Dennoch ist es wichtig, diese Arbeit mit bekannteren Bevölkerungsprognosen zu vergleichen. So geht die UNO in ihren World Population Prospects 2024 davon aus, dass die Weltbevölkerung noch etwa 50-60 Jahre weiter wachsen wird, um Mitte der 2080er Jahre einen Höchststand von etwa 10,3 Milliarden Menschen zu erreichen und dann leicht zu sinken. Das ist ein ganz anderes Szenario - ohne einen starken globalen Zusammenbruch bis 2064.

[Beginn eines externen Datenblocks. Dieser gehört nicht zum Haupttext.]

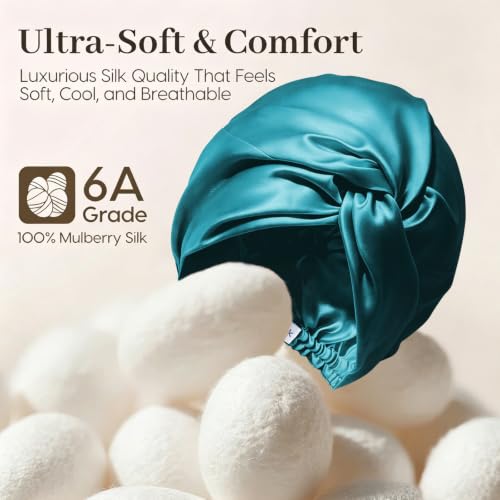 DAISYSILK Peacock Blue 22 Momme 100% Mulberry Silk Sleep Bonnet with Adjustable Tie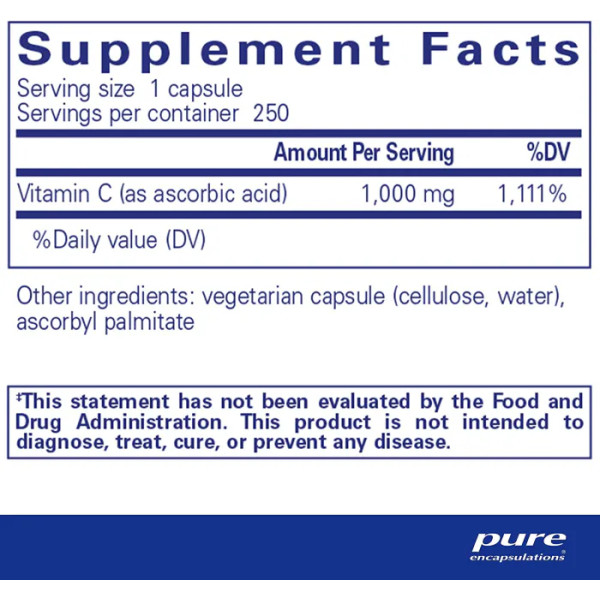 Аскорбінова кислота в капсулах, Ascorbic Acid, Pure Encapsulations, антиоксидантний захист, підтримка імунітету і цілісності судин, 250 капсул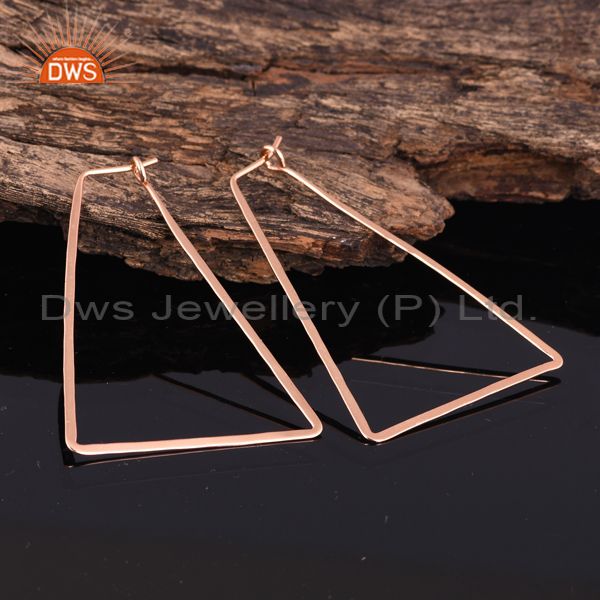 Rose gold plated designer sterling plain silver earrings jewelry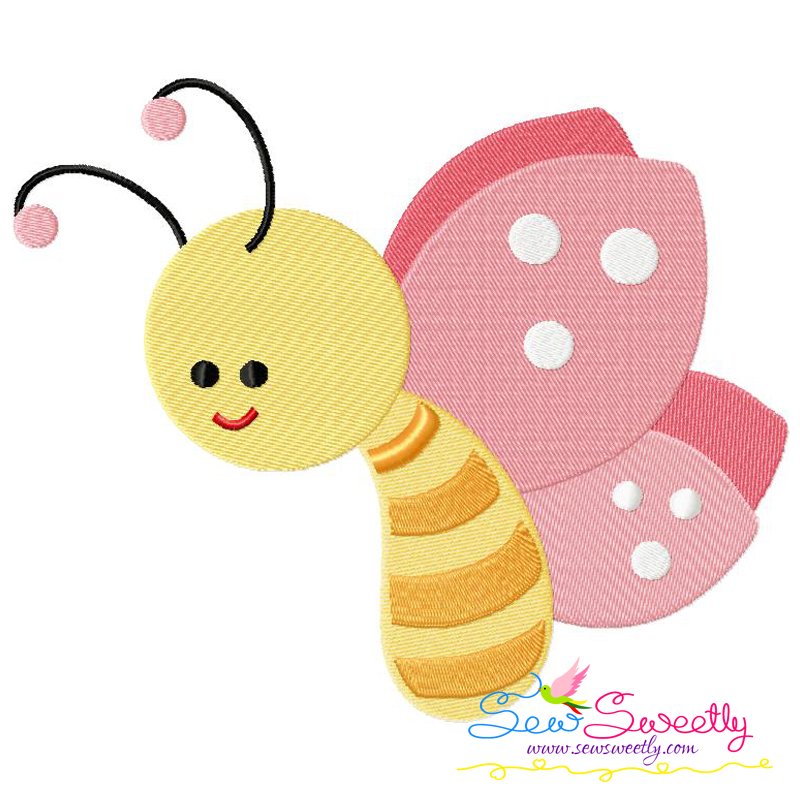 Pink butterfly embroidery design  sew sweetly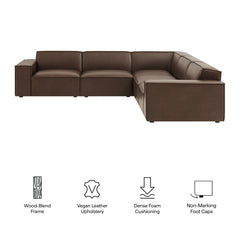 Restore Espresso 5-Piece Vegan Leather Modular L-Shaped Sofa - Ornate Home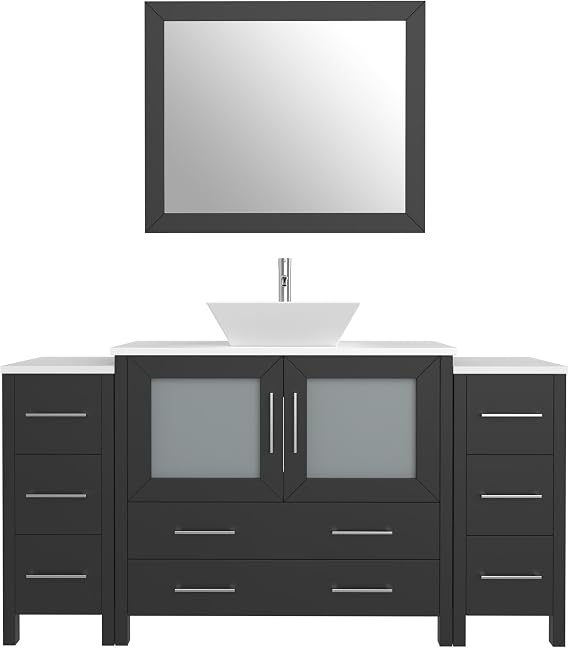 HomeBeyond 60 Bathroom Vanity Cabinet Vessel Single Sink Combo Set with 1 Mirror,Engineered Marble Top Compact Set with 8 Dovetail Drawers and Soft Closing Doors,Black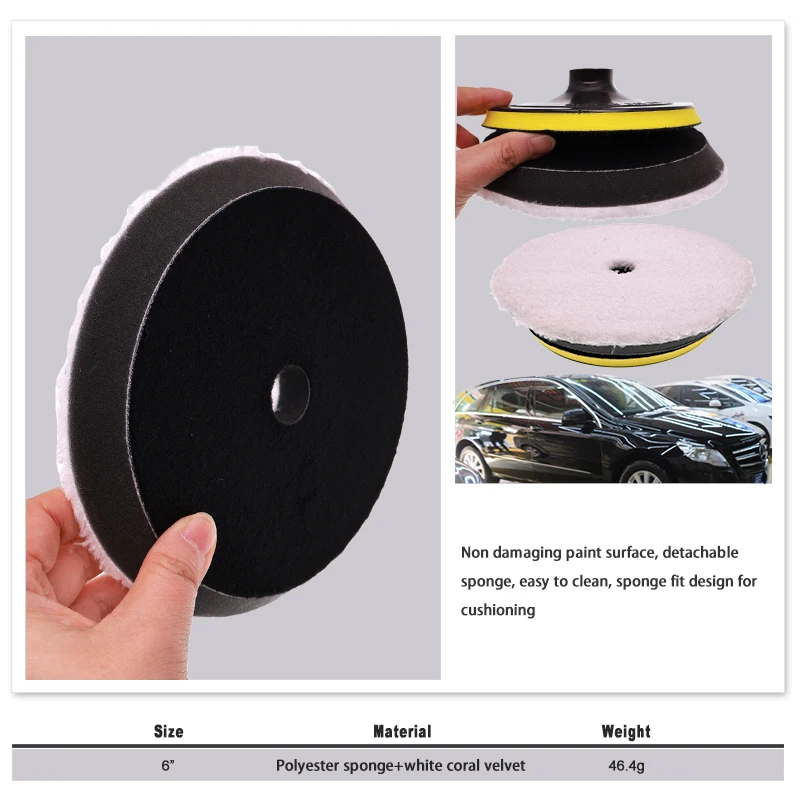 Almohadilla de pulido de lana de microfibra blanca de 6,5 pulgadas, respaldo de forro polar negro suave, borde biselado para pulido de automóviles y metales, 2 uds.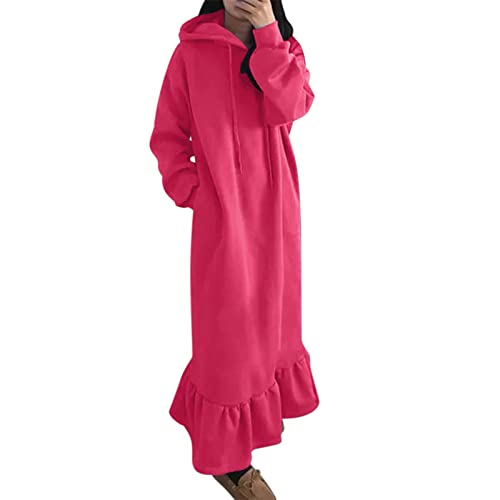 Kashyke Winterkleid Damen 3XL 4XL 5XL Pulloverkleid Langarm Übergröße Casual Sweatkleid Einfarbig Maxi Hoodie Kleid Pullikleid Homewear Warm Lang Sweater Maxi Kleid Pulli Kleid Partykleid Große Größe von Kashyke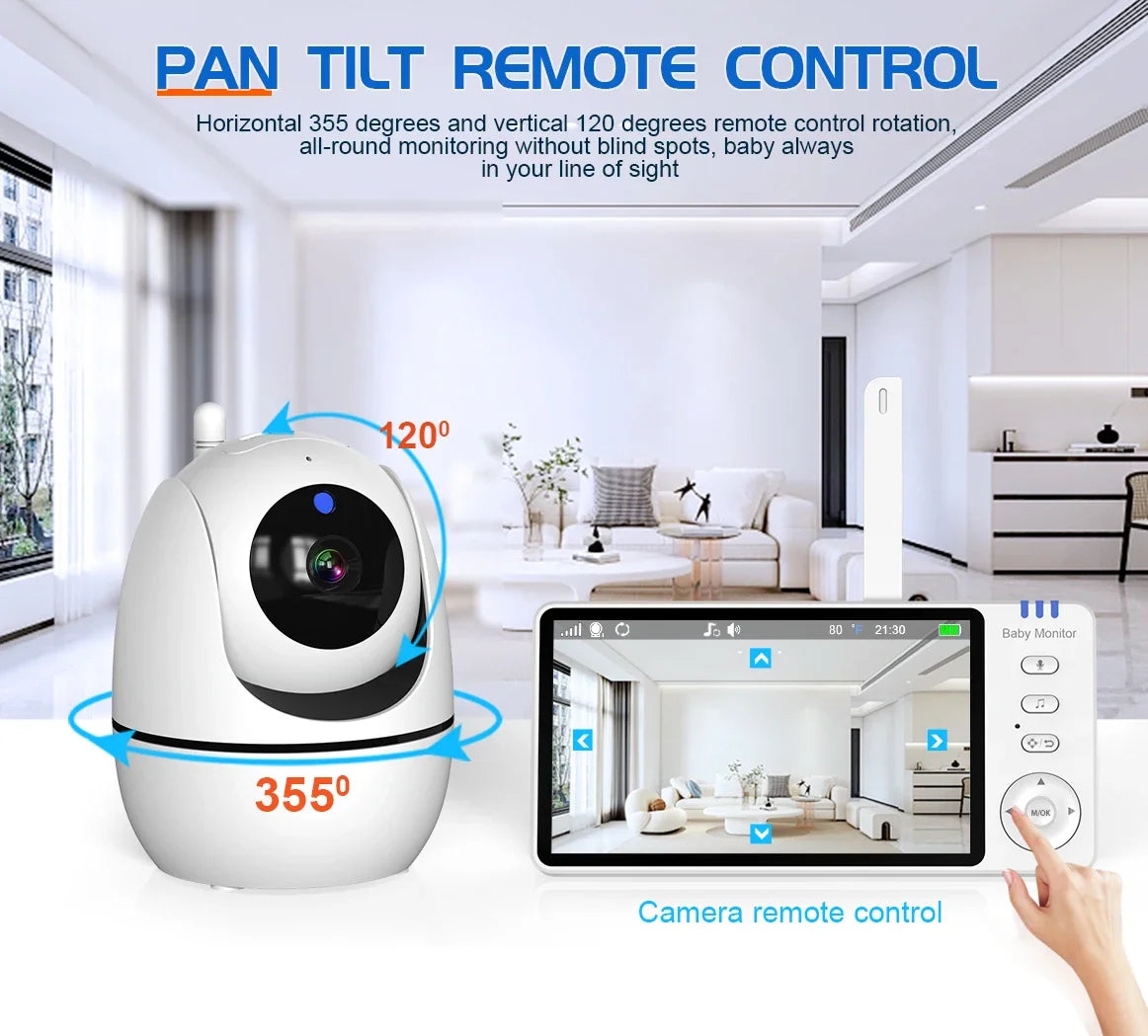 5" Wireless Video Baby Monitor with Night Vision & Two-Way Audio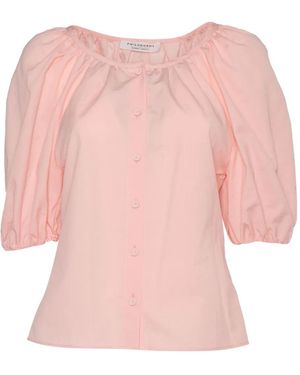 Philosophy Di Lorenzo Serafini Puff-Sleeve Buttoned Blouse - Pink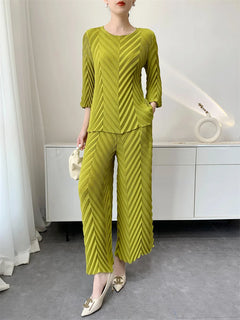 Spring New Women Handmade Pleated Pants Set Comfortable Casual Seven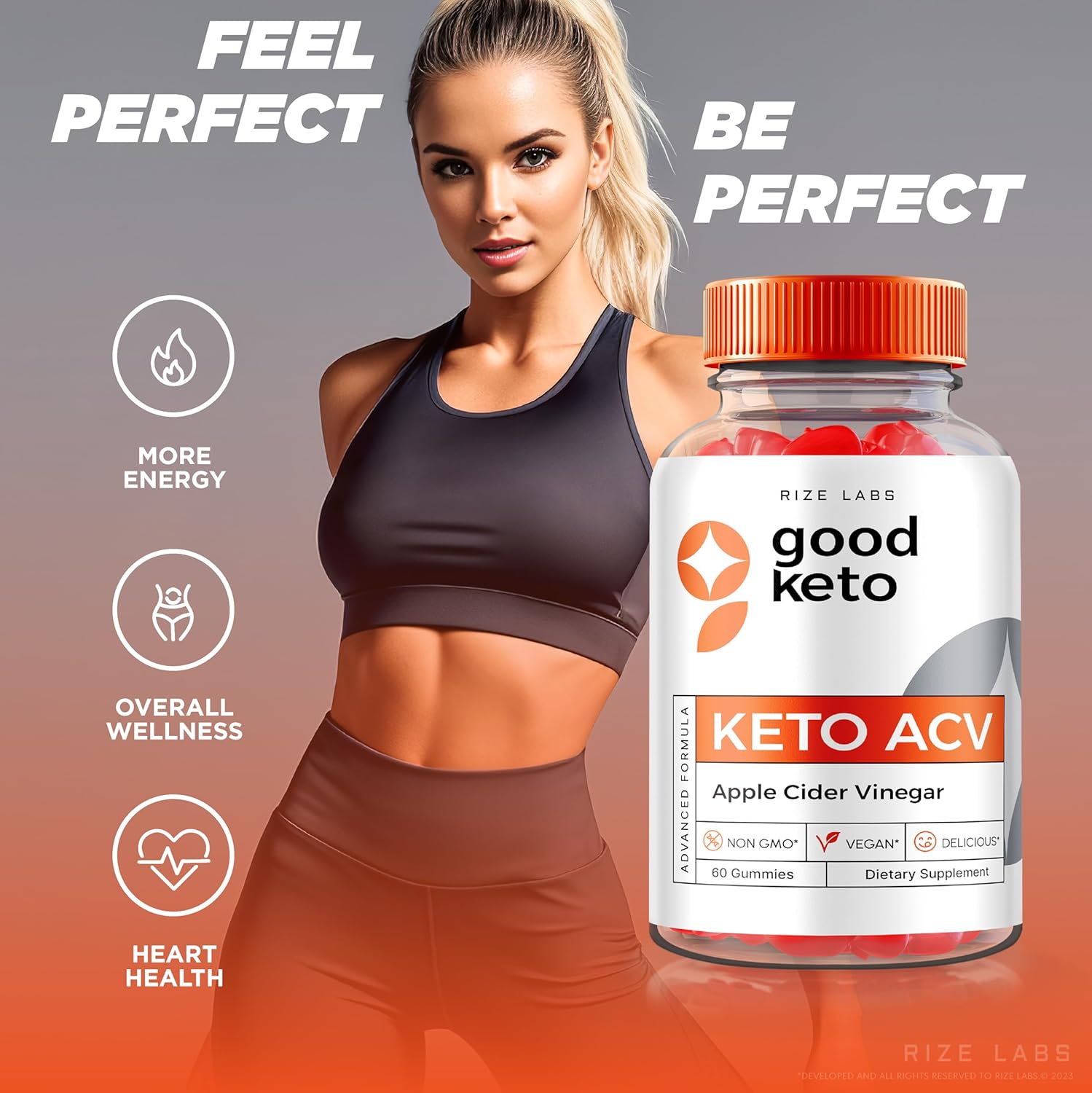 Premium Rize Labs Apple Cider Vinegar Gummies for Advanced  Slimming Formula  - All Natural Keto Supplement (60 Gummies)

Mit anderen Worten: Das neue Modell stößt die UN-Projektionen nicht um. Es zeigt, wie ein extremes Szenario aussehen könnte, wenn das Weltsystem mit einem starken Rückgang der verfügbaren Ressourcen und Lebensbedingungen konfrontiert wird.

Hintergrund

Die Idee, das Bevölkerungswachstum mathematisch zu beschreiben, ist nicht neu. Im 20. Jahrhundert gab es bereits "Weltuntergangsszenarien", bei denen das menschliche Bevölkerungswachstum auf absurd hohe Werte extrapoliert wurde. Das bekannteste Beispiel ist die Berechnung von Heinz von Foerster und Kollegen, die in den 1960er Jahren von einer mathematischen "Singularität" der Bevölkerung um das Jahr 2026 ausgingen. Dazu kam es nicht, weil die Geburtenraten in vielen Ländern zu sinken begannen.

Das neue Papier kehrt zu einem ähnlichen Thema zurück, allerdings aus einem anderen Blickwinkel. Die Autoren glauben, dass das Bevölkerungswachstum nicht nur durch einen einfachen Exponenten oder eine klassische logistische Kurve beschrieben werden kann. Sie schlagen eine flexiblere Gleichung vor, die verschiedene Regime aufzeigen kann - Wachstum, Stabilisierung oder starker Rückgang.

Die wichtigste Schlussfolgerung ist einfach: Das Datum 2064 in diesem Papier ist nicht das "designierte Jahr der Katastrophe", sondern das Ergebnis einer Berechnung in einem starren Szenario. Die tatsächliche Zukunft wird von der Fruchtbarkeit, der Sterblichkeit, der Migration, der Politik, dem Klima, der Medizin, der Technologie, der Ernährung und der Fähigkeit der Länder abhängen, die Risiken größerer Krisen abzumildern.

Quelle

Alessio Zaccone, Kostya Trachenko, "Global population crisis scenarios predicted by a general nonlinear dynamical model", Chaos, Solitons & Fractals, 2026.

Mykola Potyka

Mykola Potyka verfügt über ein breites Spektrum an Kenntnissen und Fähigkeiten in verschiedenen Bereichen. Mykola schreibt auf interessante Weise über Dinge, die ihn interessieren.